EXERCISE:
For every line in the material, output its text exactly and exclude any image it holds.

DATA SHOWN:
########################################
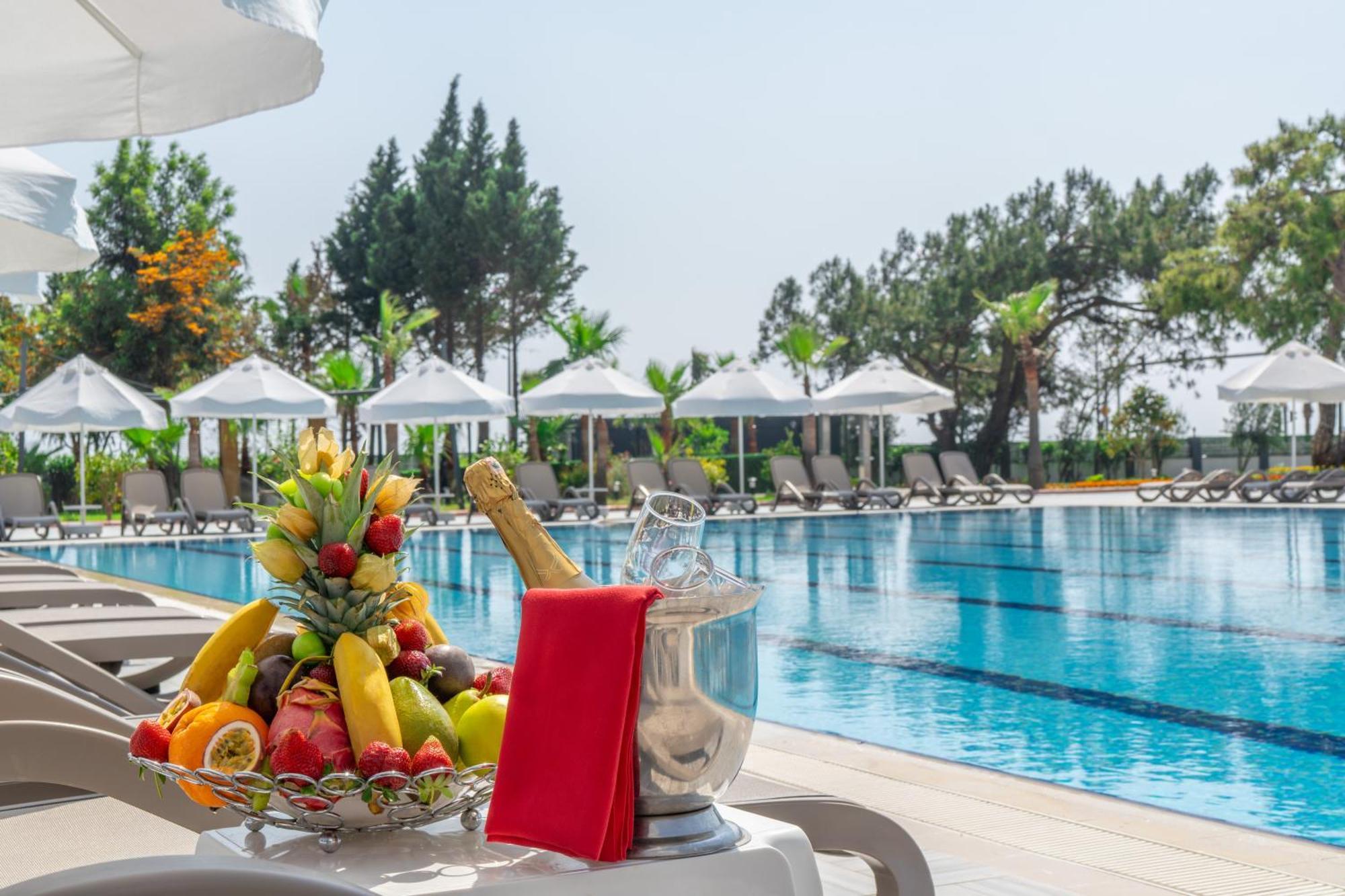 Casa Fora Beach Resort Cenger  외부 사진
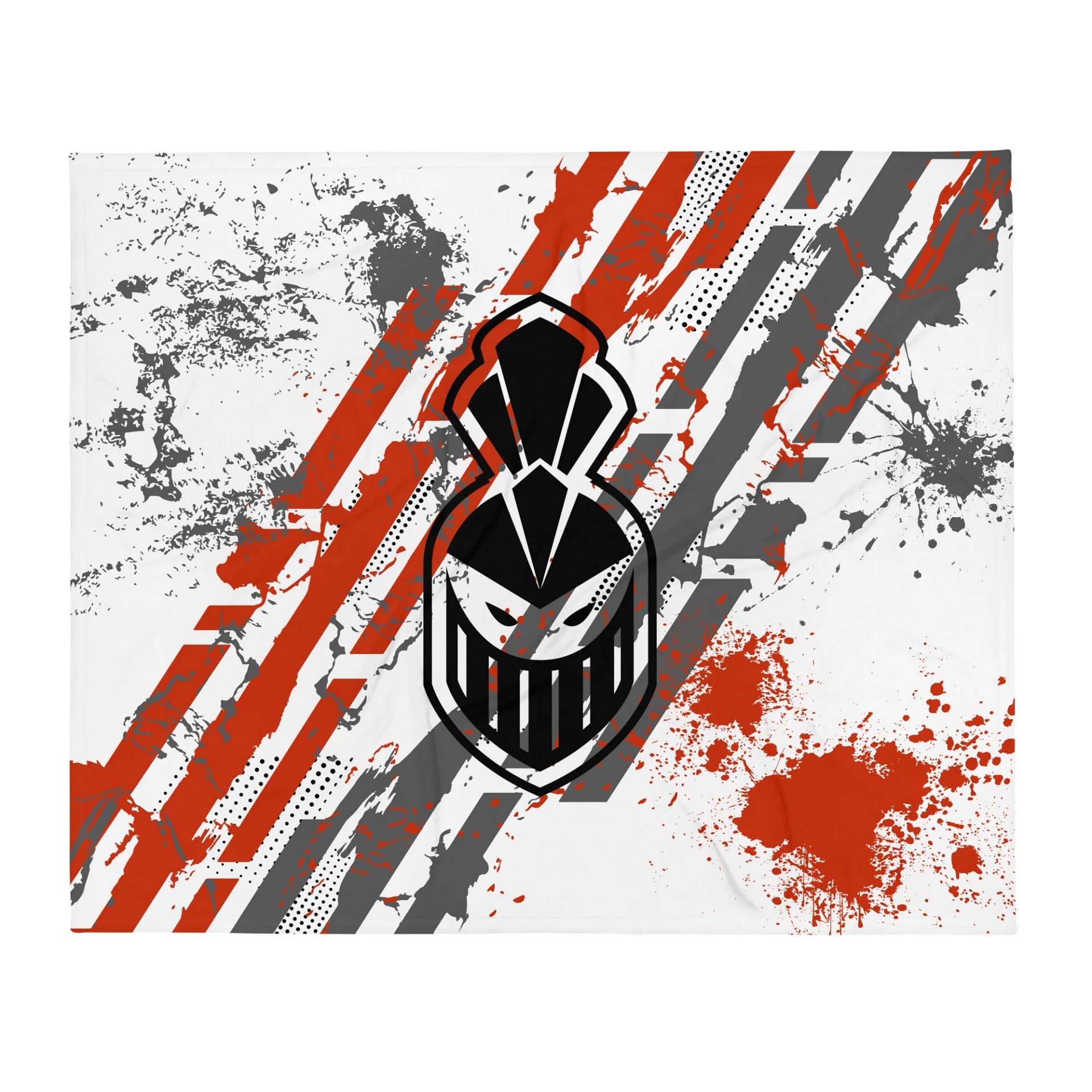 Knights Throw Blanket product image (1)
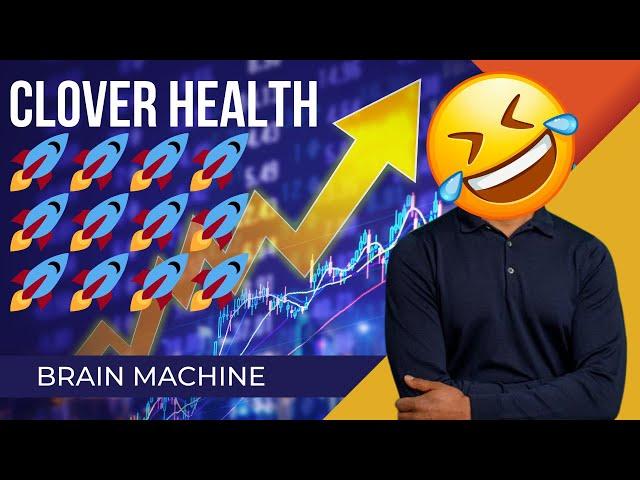 CLOVER HEALTH TO THE MOON CLOV STOCK 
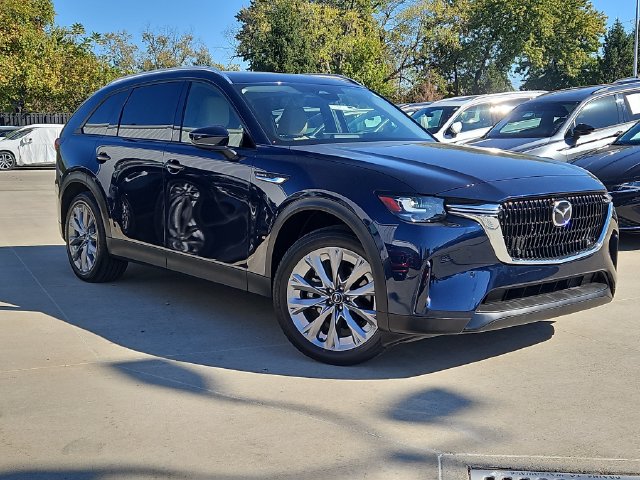 2026 Mazda CX-90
########################################
WRITTEN REPLY:
 Casa Fora Beach Resort Cenger  외부 사진
 Knights Throw Blanket product image (1)
 CLOVER HEALTH TO THE MOON CLOV STOCK 
 2026 Mazda CX-90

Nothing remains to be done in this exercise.